If I had one complaint, it'd be that it feels like I miss a lot of plot points in half-sentence resolutions. For example, in the aftermath of the opening scene, the main character is helping the other wounded people of his soon-to-be-former party back to their camp, musing that the two archers who'd run away instead of stayed to fight and get their asses kicked probably stole a bunch of stuff from their camp. This seemed to occupy a decent amount of time, but before I knew it, he was in town; I had missed whether the deserters had actually stolen the stuff, and furthermore missed that he'd dropped off the wounded at the camp and then gone off on his own. Other times include "Wait, why is that person traveling with them now? When did they mention that?" or "When did he go back to the other room, I thought he was talking with the people in the first one?" and I'd say two-ish others.
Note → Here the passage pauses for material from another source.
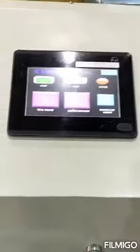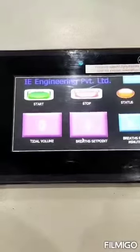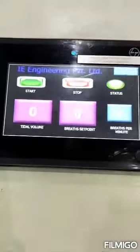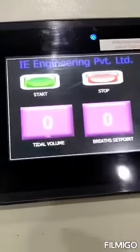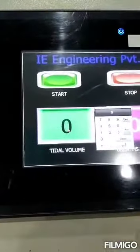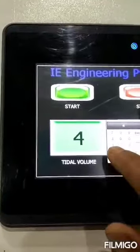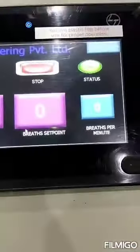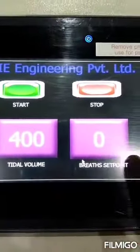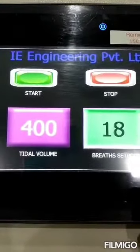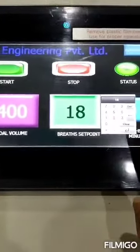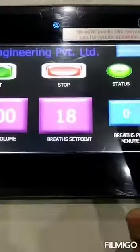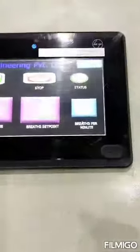We would like to introduce our ventilator. Here is the digital display. After starting, we have to set the tidal volume as per the patient's requirement. After setting the tidal volume, we have to set the pressure set point as per the patient requirement — about 80.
Now, it's absolutely a possibility that my own attention span is to blame here, because lord knows ADHD isn't kind to me. But it does feel like it happens relatively frequently while listening to this book, yet isn't something I've experienced all that often in listening to others, so, I guess it could go either way? Or be a combination? It might also be that this happens more frequently than I realize, but in a book I just look back a page or two, see what I overlooked, and go on my merry way where with an audiobook (and another person) I have to pause to ask for clarification and/or rewind, so it stands out more.
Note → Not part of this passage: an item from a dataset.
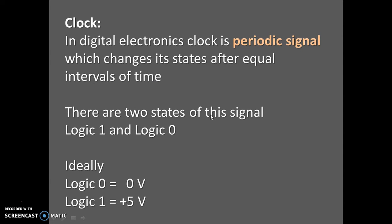There are two states of this signal: logic one and logic zero. Ideally, logic zero means zero volts and logic one means plus five volts.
Anyway. Enjoying it so far, though haven't been deeply impressed just yet.
 

FelixSH

(He/Him)
Still far from finished, and I should write an actual post about my experience with Les Miserables. But the short version is, that this book is amazing, and that it's already one of my favourite pieces of literature. Hugo didn't just write a story, he created a world. Full of the most excellent characters.
Except Marius, who would complain about being friendzoned, if this book was written in modern times, or something.
 

Violentvixen

(She/Her)
Still far from finished, and I should write an actual post about my experience with Les Miserables. But the short version is, that this book is amazing, and that it's already one of my favourite pieces of literature. Hugo didn't just write a story, he created a world. Full of the most excellent characters.
Except Marius, who would complain about being friendzoned, if this book was written in modern times, or something.
Marius is the worst.

 

Octopus Prime

Mysterious Contraption
(He/Him)
It took a couple chapters to grab me, but once it did Zoe Hana Mikuta's Gearbreakers didn't let me go and I finished it in practically one sitting. It helps that the damn woman knows how to write an enemy-to-allies-to-lovers slow burn rom-com.

So, in a dystopic future, the Evil Empire's iron fist takes the form of an endless army of mecha piloted by cyborgs, and there's this resistance that specializes on taking down these Windup mecha by opening a hole in their armor, sneaking in and destroying the mecha from the inside out - they call themselves Gearbreakers. The book centers on a rookie Windup Pilot that secretly hates everything the Empire stands for and has ever touched (including herself) and a young Greabreaker squad leader who accidentally gets herself captured. Together, they fight crime 150-foot mecha.

I had lots of fun. The author doesn't shy from the psychological scars of having young teens being soldiers (without getting as grim and raw as, say, The Poppy Wars). But when you read it you notice the parallels in both sides and it's chilling. You know which side it's supposed to be sympathetic, but the characters understand and come to grips with the fact that, yeah, war is crap. That doesn't keep them from, you know, playing Shadow of the Colossus against mechas with laser guns and then longingly sigh and look at each other.

Only complaint? It's a duology, so the end is a cliffhanger. And did I mention it is a slow burn? So the cliffhanger is not only action related, there's also an emotional one. Godammit, I need to pre-order the next book.
Dangit; my backlog is already big enough!